CONCORD: The Concord Orchestra presents “Songs of Spring” at 8pm on May 20, and 3pm on May 21 at the Performing Arts Center at 51 Walden. The orchestra, directed by guest conductor Nathaniel Meyer, performs a program of Giuseppe Verdi’s Nabucco Overture, Franz Schubert’s Rosamunde Overture, and Johannes Brahms’ Symphony No. 2. A pre-concert talk by the conductor is scheduled for Saturday at 7:15pm. Patrons are invited to stay after the performance on Sunday to chat with new Music Director Zeke Fetrow and learn about the concerts planned for next season. Subscription cards for the 2023-2024 season will be available at the concert and also available online starting in May. Tickets for adults and seniors are $25. Admission for youth under 18 is free. For tickets and information, call (978) 369-4967 or visit
www.concordorchestra.com.
The winner of the inaugural Vincent C. LaGuardia Conducting Competition and a finalist and prizewinner of the American Prize in Conducting, Nathaniel Meyer received the Wrexham Prize in Music from Yale and the Artistic Excellence Award from Indiana University's Jacobs School
of Music, where he studied with David Effron and Arthur Fagen, earning a M.M. in Orchestral Conducting, and serving as assistant conductor of the Opera and Ballet Theater.

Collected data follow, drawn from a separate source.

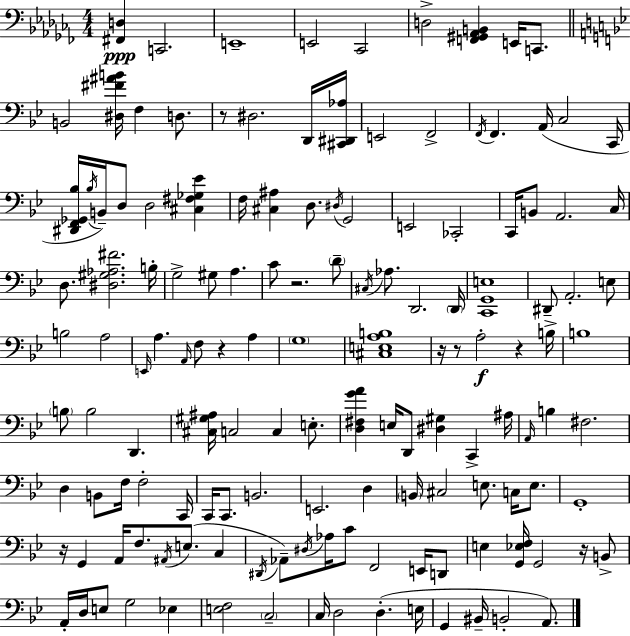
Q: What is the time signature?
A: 4/4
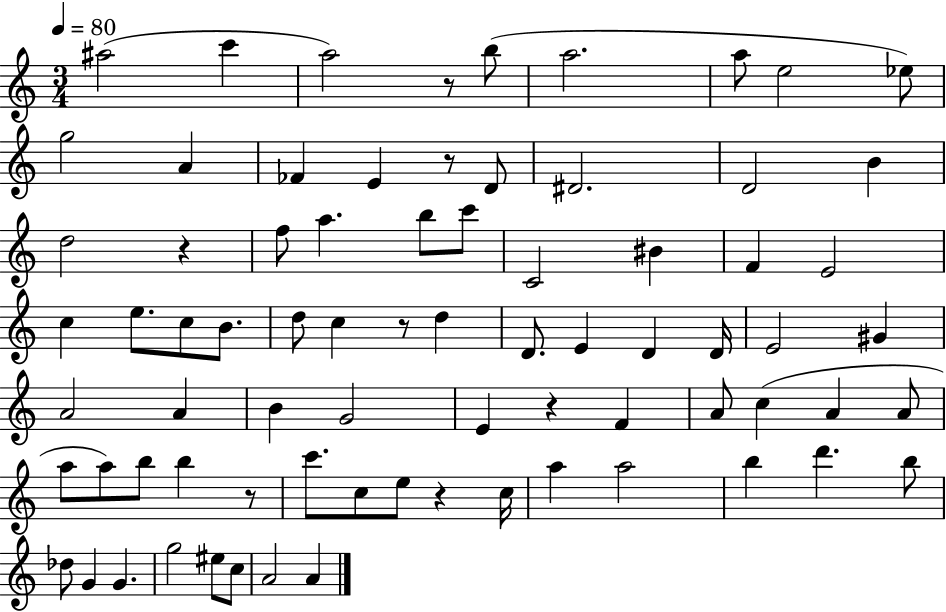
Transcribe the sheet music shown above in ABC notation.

X:1
T:Untitled
M:3/4
L:1/4
K:C
^a2 c' a2 z/2 b/2 a2 a/2 e2 _e/2 g2 A _F E z/2 D/2 ^D2 D2 B d2 z f/2 a b/2 c'/2 C2 ^B F E2 c e/2 c/2 B/2 d/2 c z/2 d D/2 E D D/4 E2 ^G A2 A B G2 E z F A/2 c A A/2 a/2 a/2 b/2 b z/2 c'/2 c/2 e/2 z c/4 a a2 b d' b/2 _d/2 G G g2 ^e/2 c/2 A2 A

Says Meyer, “It is so moving, and so thrilling to encounter the tremendous harmonic mastery and sheer melodic inventiveness of these three great Romantic artists at the height of their compositional power! They have such passion, inspiration, and heartfelt emotion to share with all of us, as musicians and audience members, through their timeless scores - expressions of their deepest joys and sorrows, heroic victories and moments of tragic despair. Their music has as much relevance and resonance today, as ever before—these compositions are truly a soundtrack to our lives. Like Spring itself, we return to these beloved pieces again and again, experiencing the beauty and fragrance of the flowers, the birds, the sunshine, as if for the first time. And we experience the spirit of renewal, the awakening of nature, embodied in their Song.”
Nabucco was Verdi’s first successful opera. The overture contains many of the familiar themes from this opera, based on the biblical story of King Nebuchadnezzar. Despite the serious subject, the music is delightful with many dramatic contrasts. Schubert’s Rosamunde Overture, written
early in his career, begins with a lovely, lyrical Andante section, followed by an exciting Allegro Vivace.

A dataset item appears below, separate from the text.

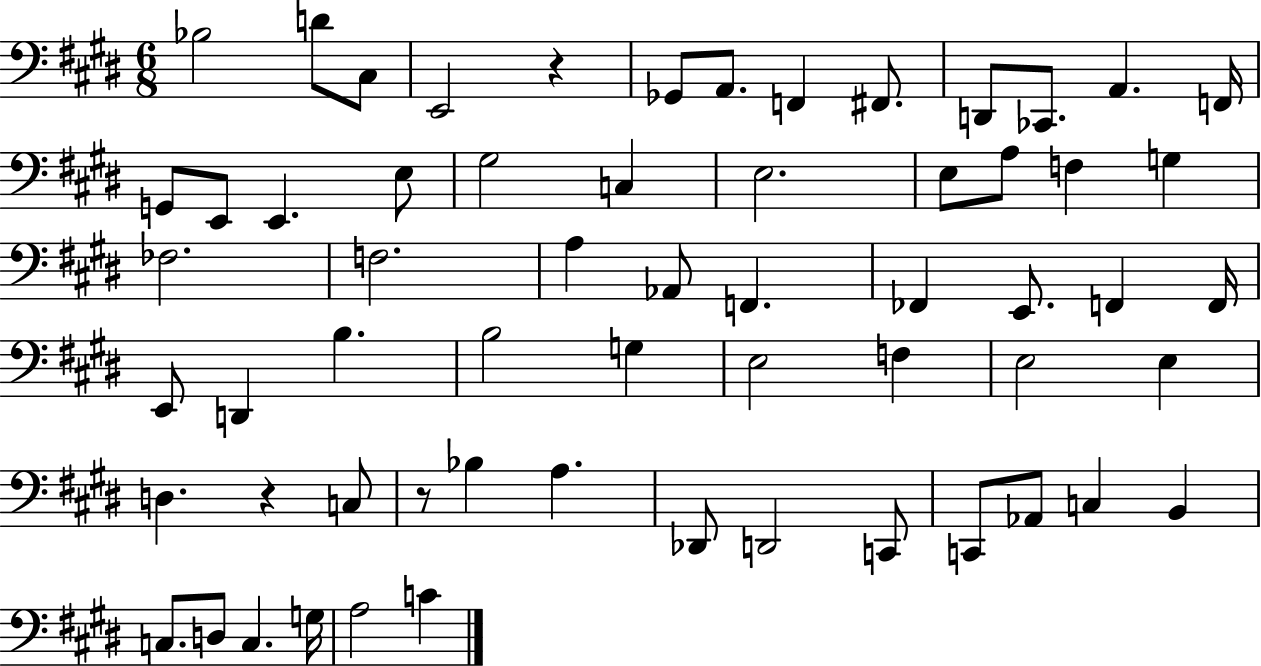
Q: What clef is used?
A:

Brahms’ Symphony No. 2 was written in 1877 while Brahms was staying in a picturesque lakeside town in Austria. It is an audience favorite, with light-hearted, cheerful melodies in the first movement – interrupted briefly by sinister sounding brass and percussion, a passionate slow
second movement that opens with a lovely cello theme, a scherzo that alternates between a lively dash and a relaxed stroll, and a brilliant finale.